You don’t have to be an expert in fashion to recognize this:
But did you know the kimono — that iconic Japanese T-shaped garment — inspired some of the most famous fashion designers in the world?
Cristóbal Balenciaga. Madeleine Vionnet. Paul Poiret. To name a few.
A new exhibition on Kimono fashion opens at The Metropolitan Museum of Art today.
More than 60 kimonos from the late 18th to early 20th century are on display…
alongside Japanese art…
and Western couture.
I got a sneak peek last week… and was gobsmacked by what I learned about this simple garment.
1. The Japanese developed the kimono in the 16th century based on Chinese and Korean garments. What defines a kimono is that it is made from a single bolt of fabric (so you don’t waste any of it) and has a T shape with straight lines. It was originally an undergarment.
2. The kimono was also sustainable. Cotton was hard to grow, especially in the northern part of Japan, so the Japanese bought used cotton clothing from Osaka and repurposed it. Commoners wore kimonos made of cotton and hemp.

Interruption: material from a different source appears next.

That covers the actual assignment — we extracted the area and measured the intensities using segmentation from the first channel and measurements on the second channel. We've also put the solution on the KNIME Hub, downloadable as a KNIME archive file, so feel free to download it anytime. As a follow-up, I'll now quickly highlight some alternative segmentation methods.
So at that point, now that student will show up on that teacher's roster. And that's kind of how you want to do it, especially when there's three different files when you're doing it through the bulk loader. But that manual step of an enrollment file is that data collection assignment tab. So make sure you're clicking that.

3. In medieval times, aristocrats and high-ranking samurai donated kimonos to actors because the garments were so expensive. They were all handmade using high-quality silk and real silver and gold foil. The actors performed by candlelight and the gold and silver picked up the candlelight beautifully.
4. Firefighters, who were held in high regard in Japan, wore kimonos to fight fires. And there were many fires in Japan because of the sheer number of wooden structures.

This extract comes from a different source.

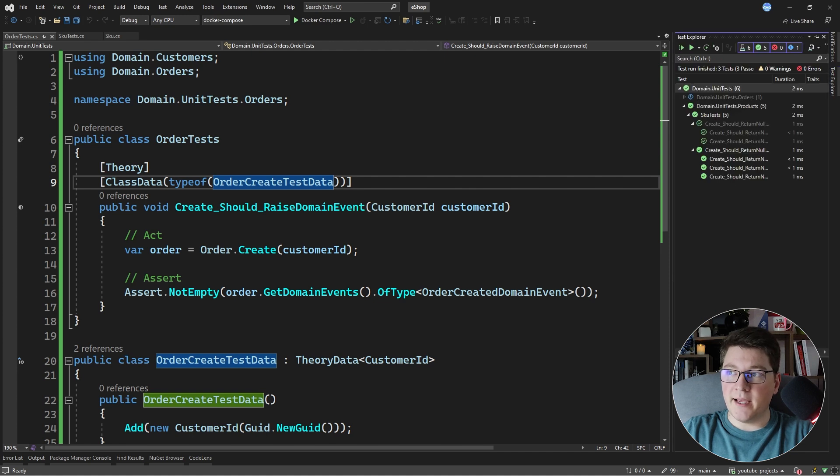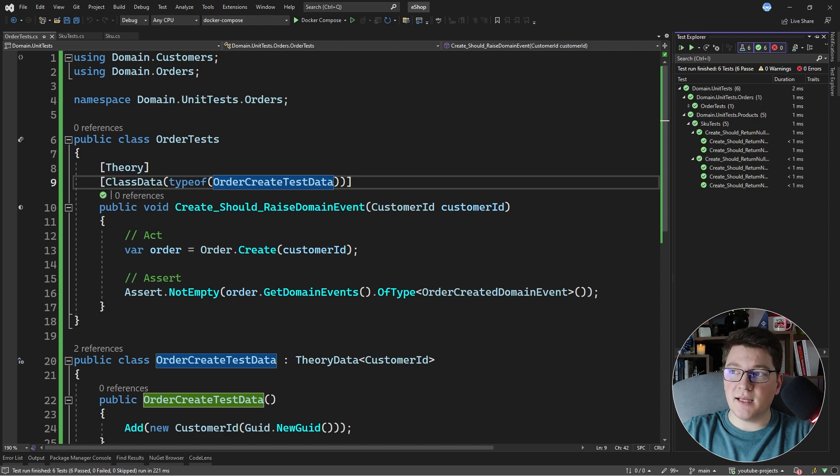xUnit is great for writing parameterized tests with the InlineData, MemberData, and ClassData options for providing parameters. Let me know in the comments which one is your favorite. My preferred approach is using ClassData in combination with TheoryData to get the benefit of strong typing. If you enjoyed this video, make sure to smash that like button, subscribe to my channel, and until next time, stay awesome!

5. Each kimono tells a story. Women’s history was not recorded in the Edo period (1603-1867); there are no books featuring women during this time. For instance, a red wedding kimono with wisteria was a sign that the wedding took place in May, since that is the month wisteria blooms in Japan.
6. European designers, like Paul Poiret and Madeline Vionnet, were fascinated by the forgiving cut of the kimono. They made garments inspired by the kimono at a time when women were trying to free themselves from the corset.
7. And the Japanese were quick to adapt to new American trends... like polka dots...
And Mickey Mouse.
8. Charles James, one of the most influential fashion designers of the 20th century, made a coat for his baby based on the kimono.
9. If you bought a kimono in the 17th century, in five years it was out of fashion. You might think of the kimono as an unchanging garment because the shape itself hasn’t changed much. But the fabrics and the colors did.
10. Part of the reason why the kimono has endured is because its simple shape allowed fashion designers to be creative in other areas.